The waiting is what’s awful.  Waiting for someone else to make a decision that could potentially drastically change the course of my life.  And I have no control.  I’m just sitting here waiting, pretending like it’s not on my mind.

I’m expecting and hoping to receive a decision from the University of Amsterdam in March.  Judging by how quickly January has gone by, the time may pass in a painless way.  But it feels so far away.  So freakin’ far.  Far enough for me to imagine I may crumble into an anxiety dust ball (whatever that may be) before March arrives.  No, I’m overstating it.  But it is a crappy feeling.  For so long the application was within my control.  I may have procrastinated and wasted tons of time.  But that was my choice.  Now, I have no idea how long it’s going to take or what’s happening over there during this waiting period.

Once I dumped all of it into the mailbox, I turned over my fate.  Nothing I do now can have any impact on the decision.  There’s no interview, no follow-up questions.  It’s similar to the feelings in high school when waiting for the letter in response to my early decision application (I also fell in love with one school in that case) and college when waiting for decisions from law schools.  But there are two big differences this time around: first, I’m not going from school to more school.  It felt like I was entitled to more school the first two times.  But now I’m the old lady in the mix, walking away from a job and trying to re-enter an entirely different world.  Way more anxious this time.  And second, I’m not surrounded by other people in the same situation.  It’s not the only thing being discussed in the cafeteria  or by the campus mailboxes.  I’m going to an office with a bunch of grown folks who aren’t considering anything related to school, at least not publicly.  There aren’t very many people to commiserate with.  And there’s something comforting about commiseration, I think.
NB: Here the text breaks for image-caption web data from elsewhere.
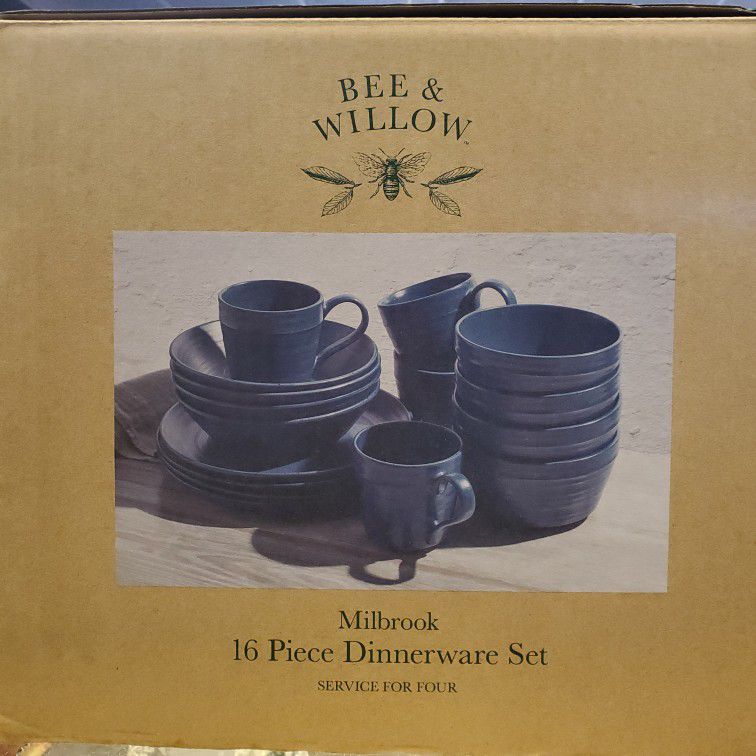Bee & Willow Home + Home Milbrook 16-Piece Dinnerware Set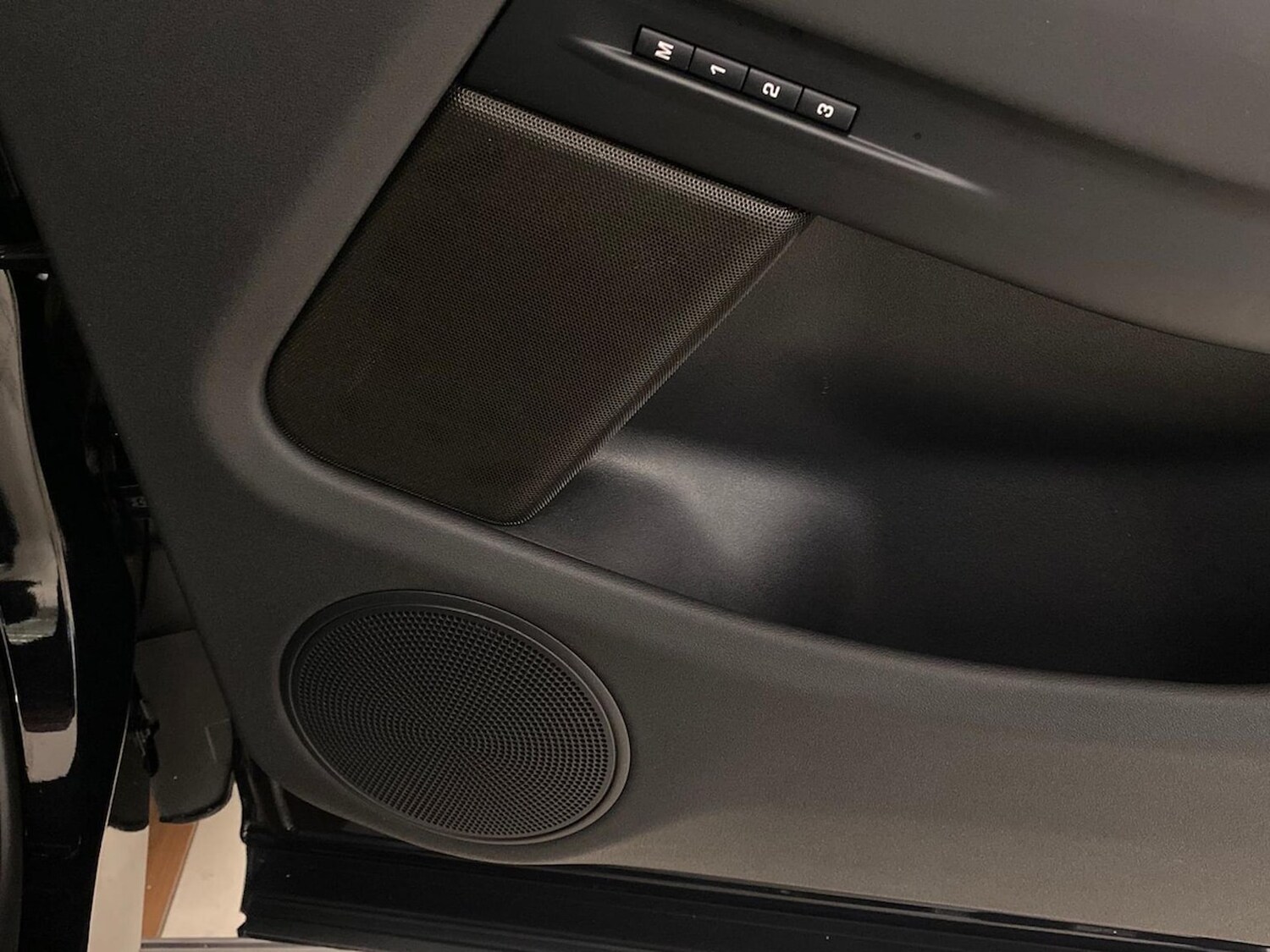 Used Land Rover Range Rover Evoque 2025 for sale - 78191422: Photo 24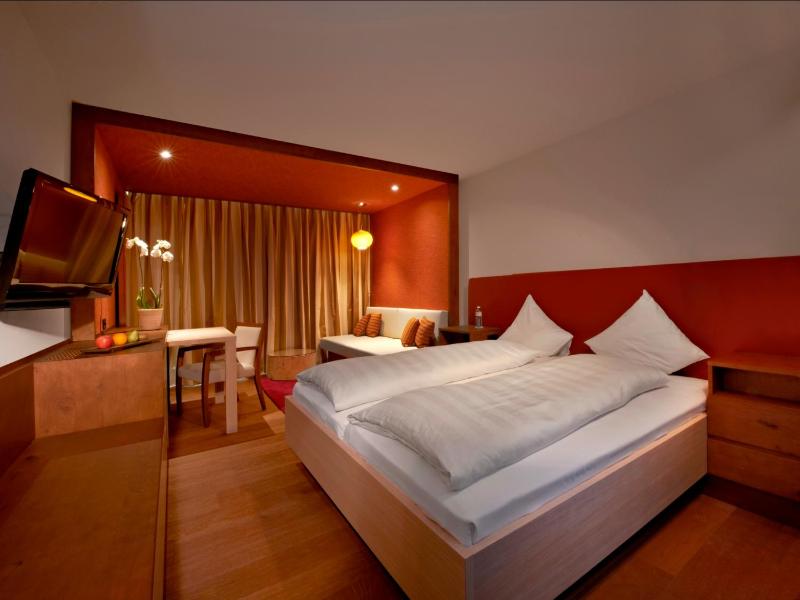Superior Chic Room  image 3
Fortunately, I was already a nail-biter.  So I haven’t had to acquire any new bad habits as a result of this.  And honestly, my nails should only begin to pray for a respite once I’m on the plane headed to the Netherlands.
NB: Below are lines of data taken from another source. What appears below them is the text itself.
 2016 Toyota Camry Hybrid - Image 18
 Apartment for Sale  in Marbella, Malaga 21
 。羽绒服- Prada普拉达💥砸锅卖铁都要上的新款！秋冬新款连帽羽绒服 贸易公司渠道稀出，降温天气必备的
So whether it’s functional, relaxing, or simply a distraction, I’ve been doing regular creative visualizations.  I visualize myself opening my mailbox to find an envelope from the University (surprisingly, it’s not a large envelope).  I feel my heart in my stomach and I’m unable to open it until I get to my apartment.  I take off my coat (I imagine it’s still pretty chilly) and shoes, pour a glass of juice, and sit on the couch with my glass and envelope.  Only a sudden urgency gets me to finally open the envelope.  The letter greets me with a “Dear” and goes right into a “Congratulations.”  I dance around, spill my juice, and call my mom.